_TASK INSTRUCTIONS_
Below are some entries. Transcribe the lines from the one holding "Produktbild: Fantic26 Stunt-Scooter" to the one holding "Thumbnail for your", inclusive, but not the pictures among them.

_EXERCISE MATERIAL_
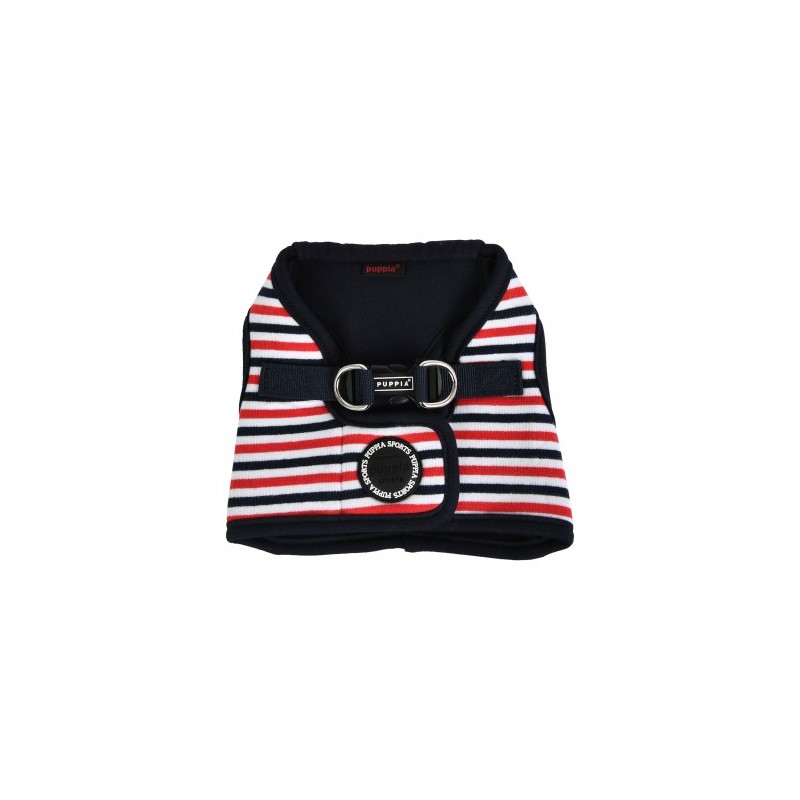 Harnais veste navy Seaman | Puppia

==

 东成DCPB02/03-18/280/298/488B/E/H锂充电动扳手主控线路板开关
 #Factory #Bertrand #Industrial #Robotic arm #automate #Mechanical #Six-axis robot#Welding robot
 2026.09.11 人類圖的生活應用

* * *

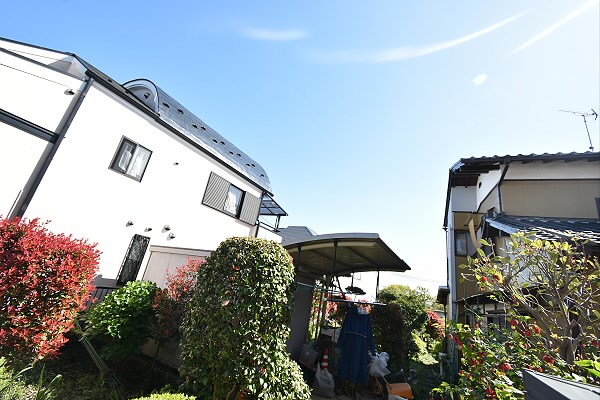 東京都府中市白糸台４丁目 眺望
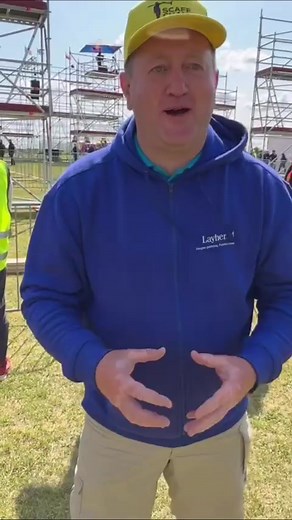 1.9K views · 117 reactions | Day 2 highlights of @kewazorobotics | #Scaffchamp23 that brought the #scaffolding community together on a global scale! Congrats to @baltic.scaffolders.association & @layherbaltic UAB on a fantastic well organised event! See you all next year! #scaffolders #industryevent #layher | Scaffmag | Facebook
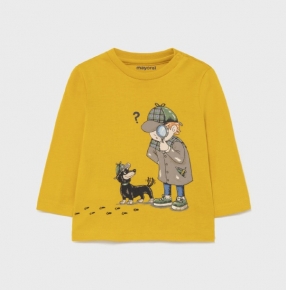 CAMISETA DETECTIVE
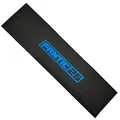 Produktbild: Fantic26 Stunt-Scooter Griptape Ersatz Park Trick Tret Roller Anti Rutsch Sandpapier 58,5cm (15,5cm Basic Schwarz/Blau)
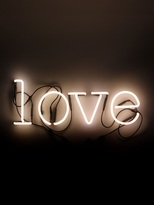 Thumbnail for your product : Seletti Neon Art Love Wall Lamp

_RESULT FOR THIS TASK_
 Produktbild: Fantic26 Stunt-Scooter Griptape Ersatz Park Trick Tret Roller Anti Rutsch Sandpapier 58,5cm (15,5cm Basic Schwarz/Blau)
 Thumbnail for your product : Seletti Neon Art Love Wall Lamp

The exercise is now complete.